━━━ DATASET EXTRACT
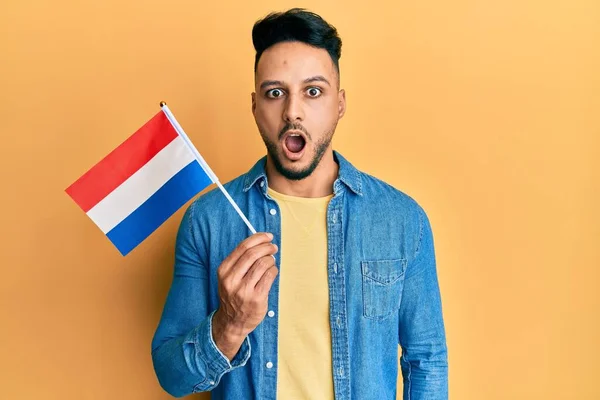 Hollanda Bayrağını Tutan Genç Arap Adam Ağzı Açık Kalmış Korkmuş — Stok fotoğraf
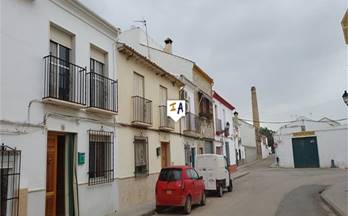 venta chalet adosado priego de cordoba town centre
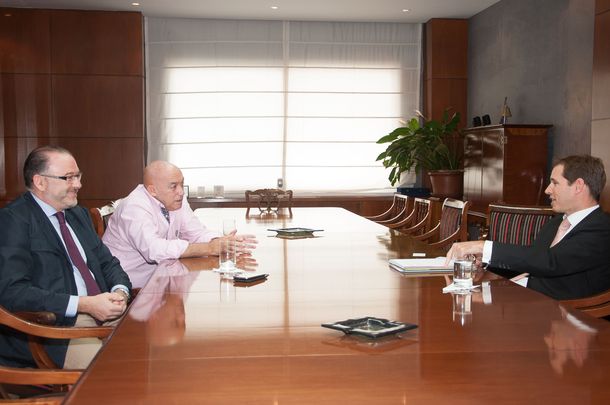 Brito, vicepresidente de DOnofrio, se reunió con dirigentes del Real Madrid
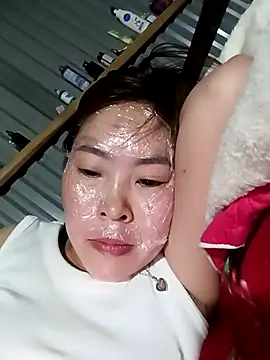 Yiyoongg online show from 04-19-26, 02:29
━━━━━━
WORK INSTRUCTION —
Reproduce word for word the lines from the line holding "venta chalet adosado" through the last line of the material above, inclusive, and keep pictures out of it.

YOUR RESPONSE —
 venta chalet adosado priego de cordoba town centre
 Brito, vicepresidente de DOnofrio, se reunió con dirigentes del Real Madrid
 Yiyoongg online show from 04-19-26, 02:29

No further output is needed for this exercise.